Luc 9, 51-62 – Le feu du ciel

 

Pasteur Bernard Mourou

Veux-tu que nous ordonnions qu’un feu tombe du ciel et les détruise ? 

Cette demande est d’une rare violence. Pourtant elle vient de deux disciples de premier rang, qui seront par ailleurs appelés les fils du tonnerre : Jacques et Jean.

Cet épisode n’a été retenu que par cet évangile selon Luc, qui révèle sa douceur dans ses pages sur l’enfance de Jésus ou la figure de Marie.

Ceux que Jacques et Jean veulent réduire en cendres, ce sont des Samaritains qui refusent de les accueillir.

La parabole du « Bon Samaritain » risque de nous donner une image faussée de la réalité. A l’époque de Jésus, Samaritains et juifs se détestaient.

Les juifs regardaient les Samaritains avec condescendance à cause de leurs pratiques religieuses déviantes, et de leur côté les Samaritains avaient développé cette haine qui est le fait de tous les peuples méprisés.

Si ces Samaritains n’accueillent pas Jésus et ses disciples, ce n’est pas parce qu’ils refusent le message évangélique, mais en raison de l’hostilité qui divisait ces deux peuples. Les problèmes identitaires ne sont pas nouveau.
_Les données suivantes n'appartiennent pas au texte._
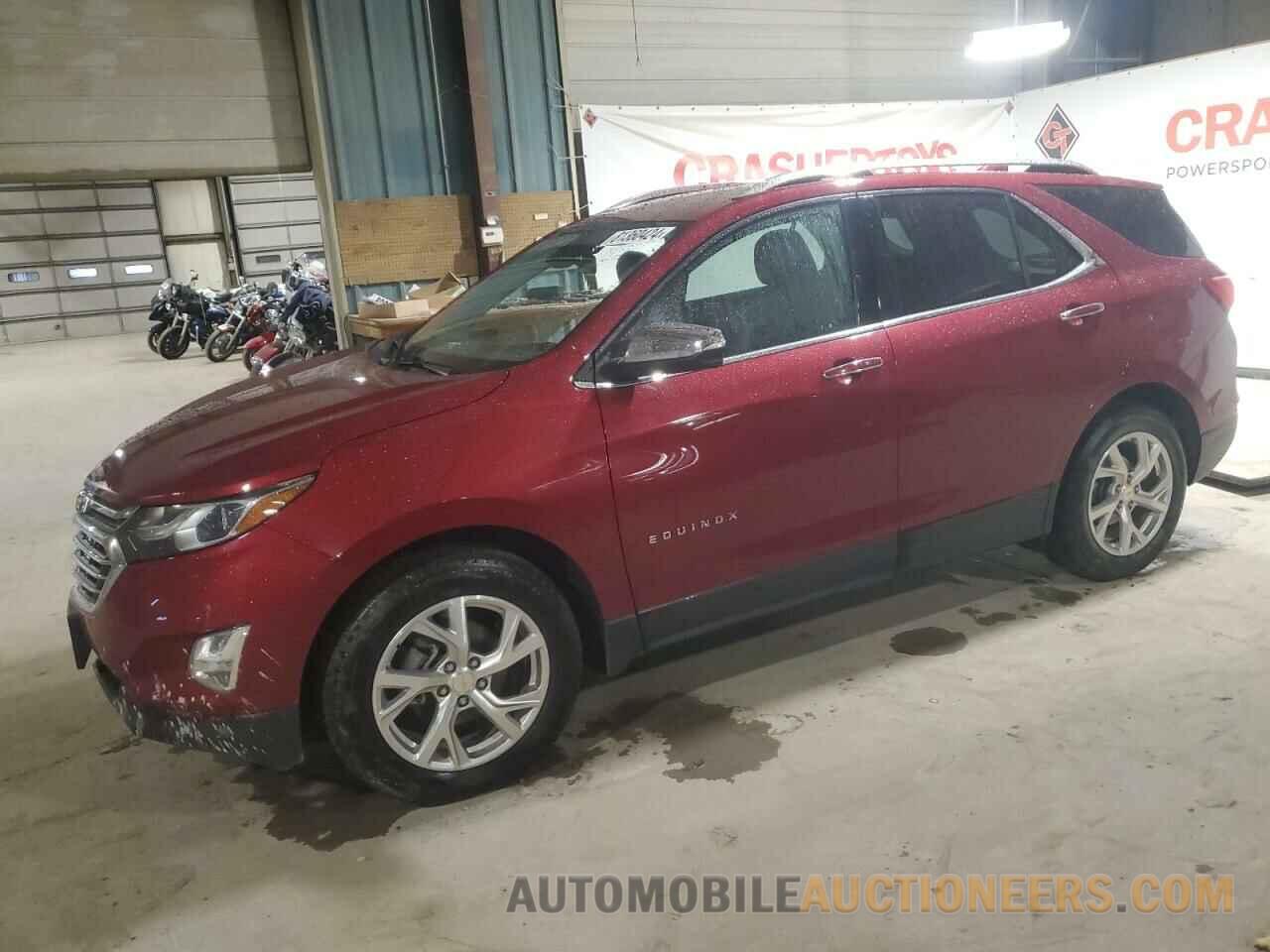 2GNAXNEV1M6103529 CHEVROLET EQUINOX 2021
Mais Jésus refuse d’aborder ce problème sous cet angle. Il ne se range ni du côté des juifs, ni du côté des Samaritains. Il ne prône pas une réforme des mœurs ou de la société. Et finalement, ce ne sont pas les Samaritains qu’il réprimande, mais bien ses propres disciples Jacques et Jean.

Souvent les évangiles parlent du trio Pierre, Jacques et Jean. Ici, pour une fois, Pierre n’est pas cité. Et cela explique peut-être ce qui se passe ici.

En effet, Pierre vient de reconnaître Jésus comme le Messie et il a été complimenté pour cela.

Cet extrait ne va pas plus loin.